When I bought my cabin in WV, this gas log stove was included.  According to the owner's manual, it was purchased in June, 1995.  Not sure if it is 24k or 30k BTU, but uses LP (propane).  It has a built-in blower with a thermostat, so that when connected to 120vac, it turns on and off automatically.  I've used the stove several times over the last several years just to initially warm the cold cabin, then let the wood stove maintain the temps, once the cabin has gotten to a comfortable temp.  The looks good and works very well.

Last time I was there, I tried to light it.  I held the control knob pushed in until the gas arrived at the pilot, then used the piezo igniter to light the pilot.  I held the knob in for about a minute, then turned the knob to the operating position.  Instead of lighting the burner tubes as usual, the pilot flame went out.  From then on, after many attempts, I could never get gas to the pilot (no gas smell, no hissing sound).  I checked the bottle and there was plenty of gas in it and the valve was open.  I tried disconnecting and reconnecting the gas supply hose and the blower cord.  For several attempts, I left the stove for several hours, then retried.  No gas to the pilot.

My only two guesses are:
1) something stuck in the orifice of the pilot;
2) something wrong with the "control sub-assembly", as the control knob is referred to on parts diagram.
I don't think it is the thermocouple, since the problem appears to be no gas, rather than thermocouple not opening main burners.

Unfortunately, Martin Industries of Florence, AL, went out of business in 2002.  I haven't been able to find a parts source online.  

Any suggestions would be appreciated!


----------



## DAKSY (Dec 3, 2014)

Is this a vented unit?


----------



## DanCorcoran (Dec 3, 2014)

DAKSY said:


> Is this a vented unit?



Sorry, should have mentioned it's a vent-free unit.  (And the photo was taken 5 years ago...the stove isn't sitting on plastic with a bottle of gas on top!)


----------



## DAKSY (Dec 3, 2014)

The trouble is probably debris in the Oxygen Depletion Sensor (ODS).
I am not totally familiar with this unit, but all the ones I've worked on have this feature.
Look for a small hole, maybe .09" (3/32") diameter in the pilot tube.

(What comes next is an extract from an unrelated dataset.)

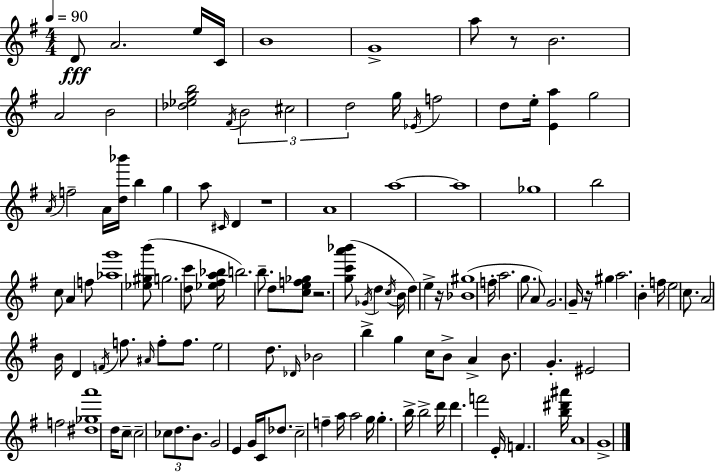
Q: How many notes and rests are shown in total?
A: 122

See if it's plugged.
A can of compressed air, like you'd use on a keyboard, should clear it.


----------



## DanCorcoran (Dec 3, 2014)

DAKSY said:


> The trouble is probably debris in the Oxygen Depletion Sendor (ODS).
> I am not totally familiar with this unit, but all the ones I've worked on have this feature.
> Look for a small hole, maybe .09" (3/32") diameter in the pilot tube. See if it's plugged.
> A can of compressed air, like you'd use on a keyboard, should clear it.



Thanks, I was hoping it could be something like that, since a new control isn't available.  I have to dismantle the whole stove to get to the tube, but it'll be worth it if I can get it working again.


----------



## DAKSY (Dec 3, 2014)

As far as I know, those unvented stove pilot assemblies have to be COMPLETELY replaced.
The individual component parts aren't available. 
Good luck.


----------



## DanCorcoran (Dec 3, 2014)

DAKSY said:


> As far as I know, those unvented stove pilot assemblies have to be COMPLETELY replaced.
> The individual component parts aren't available.
> Good luck.



You mean don't bother trying to blow it out, or completely replaced if blowing it out doesn't help?


----------



## DAKSY (Dec 3, 2014)

Try blowing it out. Can't hurt.


----------



## Heatsource (Dec 3, 2014)

could easily be a clogged pilot orifice, i see them all the time...
\


----------